Work to complete: Repeat exactly the lines below from the line that contains "Add A Touch" to the last line, inclusive, without the pictures.

Dataset content:
-*-

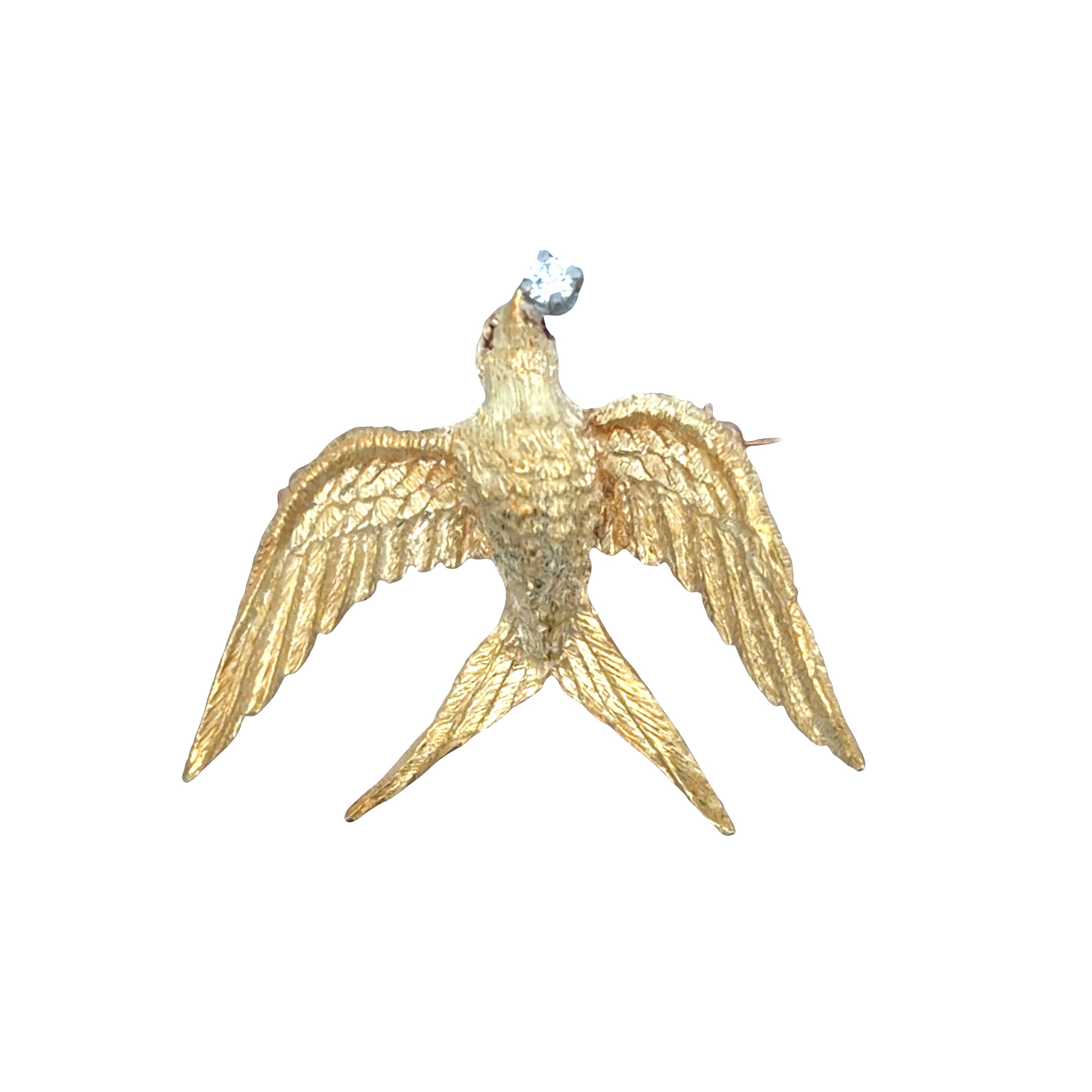 Vintage 18k Yellow Gold Ruby & Diamond Swallow Brooch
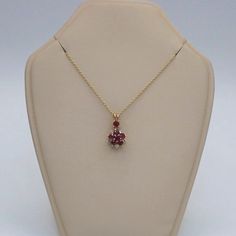 Add A Touch Of Elegance To Your Jewelry Collection With This Stunning 14k Yellow Gold Ruby W/ Diamonds Necklace. The Vibrant Red Stones And Sparkling Diamonds Create A Beautiful Ladybug Design. Ladybug Design, Red Stones, Diamonds Necklace, Brand Jewelry, Red Stone, Sparkle Diamonds, Vibrant Red, No Brand, Jewelry Branding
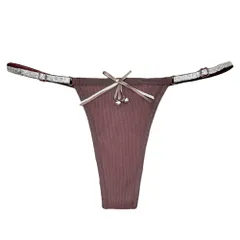 Tバック レディース 綿 リブあみ キラキラ ラメゴム サイドストリング 紐パン 調整 腰ゴム リボン セクシー かわいい アジャスター 黒 紫 rt-027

-*-

Solution below:
 Add A Touch Of Elegance To Your Jewelry Collection With This Stunning 14k Yellow Gold Ruby W/ Diamonds Necklace. The Vibrant Red Stones And Sparkling Diamonds Create A Beautiful Ladybug Design. Ladybug Design, Red Stones, Diamonds Necklace, Brand Jewelry, Red Stone, Sparkle Diamonds, Vibrant Red, No Brand, Jewelry Branding
 Tバック レディース 綿 リブあみ キラキラ ラメゴム サイドストリング 紐パン 調整 腰ゴム リボン セクシー かわいい アジャスター 黒 紫 rt-027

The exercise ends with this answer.